What is cross-site-scripting?

Question

Possible Duplicate:
Can anybody explain XSS to an idiot?

First I ask is there an aboslute definition? I've done some Googleing and it seems like everyone says something different.

On SO one person says

An XSS vulnerability exists whenever a string from outside your application can be interpreted as code.

This sounds similar to a SQL injection but it attacks the web server, not the user?

Another

Cross Site Scripting basically is a security vulnerability of dynamic web pages where an attacker can create a malicious link to inject unwanted executable JavaScript into a Web site. The most usual case of this vulnerabilities occurs when GET variables are printed or echoed without filtering or checking their content.

Again it sounds like someone would mess with the URL to put malicious code into GET passed variables but wouldn't this be like attacking one's self?

This article was at the top of a Google search but it seems to beet around the bush and not define anything. It implies XSS is done usually with JavaScript, is this true?

Answer 1

First I ask is there an aboslute definition?

Is there an absolute definition of anything these days? You will find most definitions for XSS say the same thing in the end. XSS is essentially injecting malicious scripts through un-sanitized user input.

Have a look at these two animations: XSS Animation 1 and XSS Animation 2

This sounds similar to a SQL injection but it attacks the web server, not the user?

XSS scripts are generally executed in the clients browser and attacks the user (I'm not saying it cannot be detrimental to the server as well)

Again it sounds like someone would mess with the URL to put malicious code into GET passed variables but wouldn't this be like attacking one's self?

You could share the unsafe URL with others who use the website.

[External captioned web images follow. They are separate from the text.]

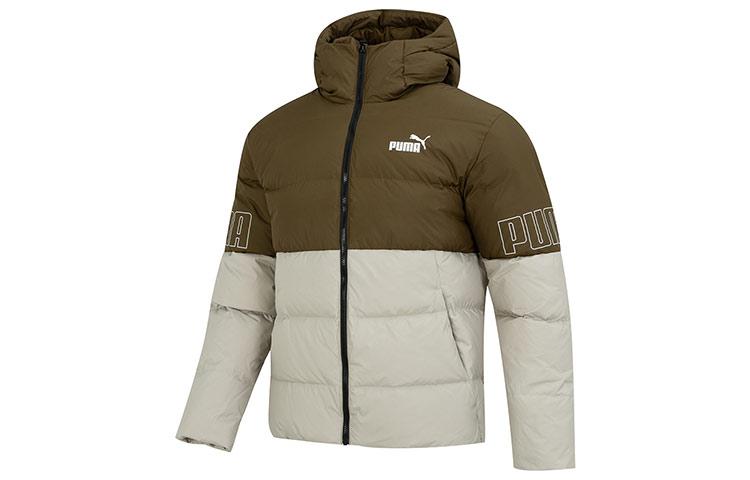 PUMA Power Hooded Down Puffer Down Jacket Men s Army Green 676032-68 XS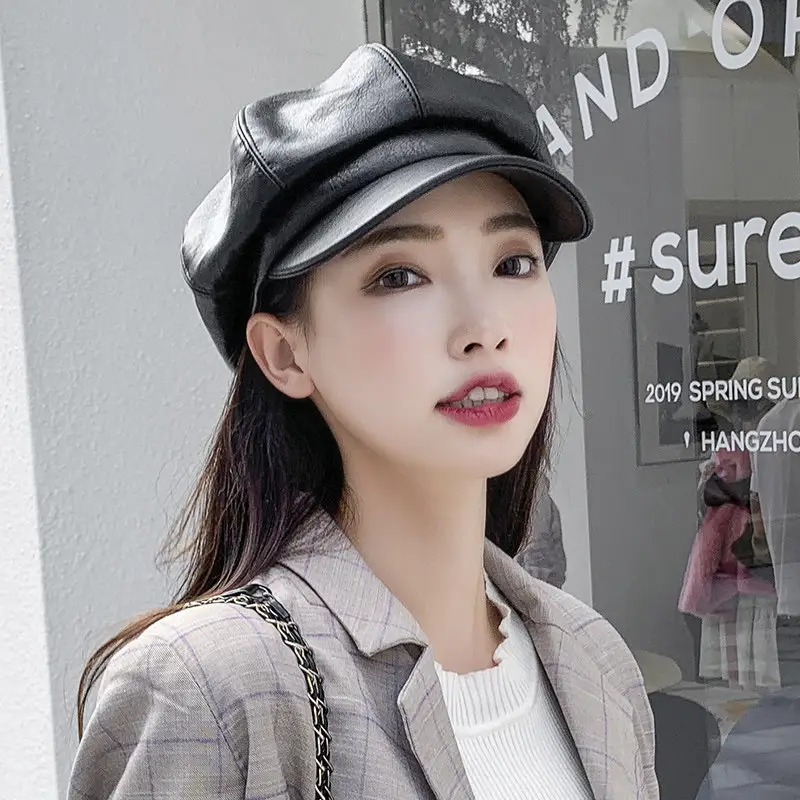 Women Pu Leather Octagonal Hat Autumn British Trendy - Image 2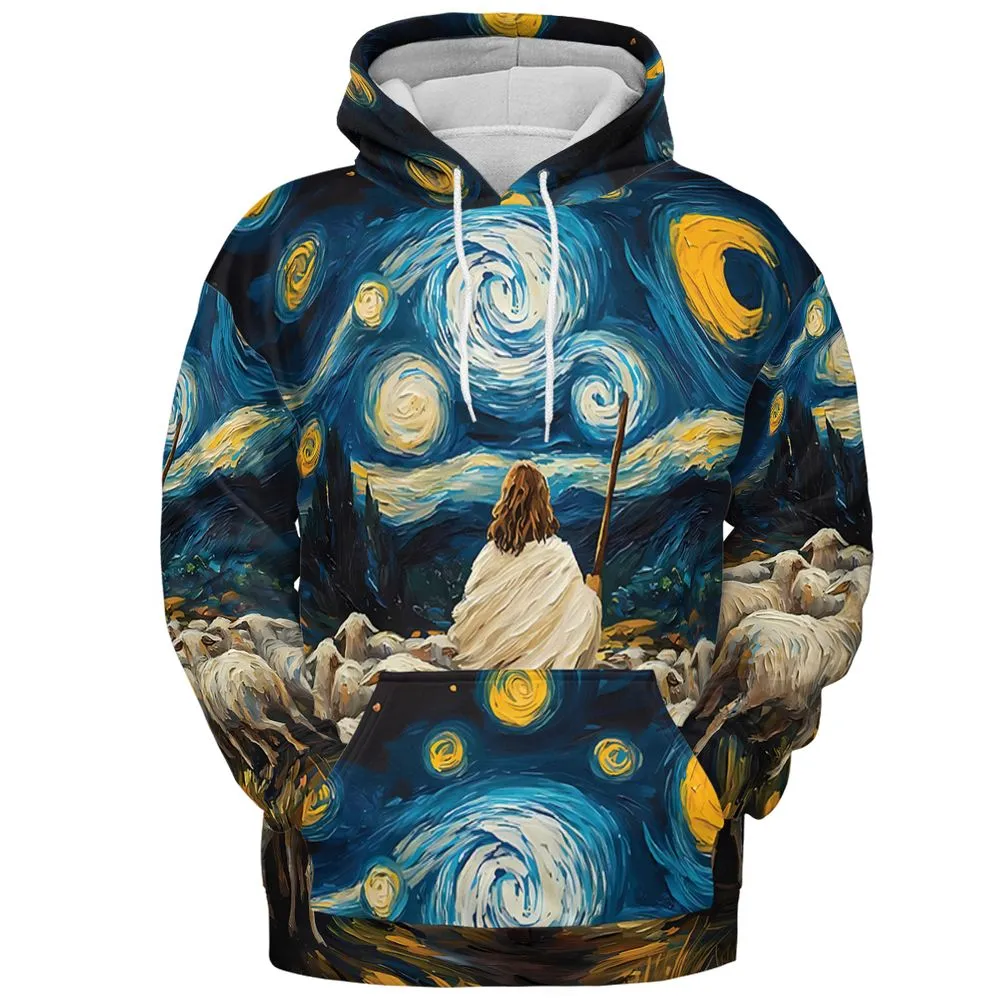 Shepherd Sheep Starry Night -  - 2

Maybe it is as simple as a facebook link that results in the person sending all of their personal information to you.

It implies XSS is done usually with JavaScript, is this true?

Yes. For example: enter this into a sites form, <script>alert('xss');</script> . If you see an alert with xss, the site is vulnerable. From there you are limited by your imagination and expertise.

Myspace was a bloodbath in regards to XSS. Look up the Sammy worm. It will surprise you how many people/companies ignore XSS (and security in general). I worked for a company where you could easily write a simple XSS worm that would erase all of the users data (on the website), and subsequently delete all of their contacts data as well, thus eventually deleting everyones data. This involved calling the applications API on behalf of the user within JS. General rule, never trust user input.

Answer 2

XSS is a flaw that occurs only on sites that dynamically generate pages. Web sites with Static pages are not vulnerable to XSS. It is an injection of html or javascript code for the web server to reflect to a client or the client browser to execute; but it is not the injection of SQL statements as in SQLi where it has a DB at the back end.

XSS flaws are of three types.

• Persistent - User input consists of malicious software code that gets stored in the web application, and gets rendered thereafter in every request to read that along with piece of data.

• Non-Persistent - User input consists of malicious code that get returned in server's response to the request, it doesn't get stored in the web app so it is specific to that request.

• DOM-based - This does not involve web server, it is local to the web browser. I think this is what you are looking for.

Check out this link for good explanation on XSS. To avoid XSS you must perform input validations.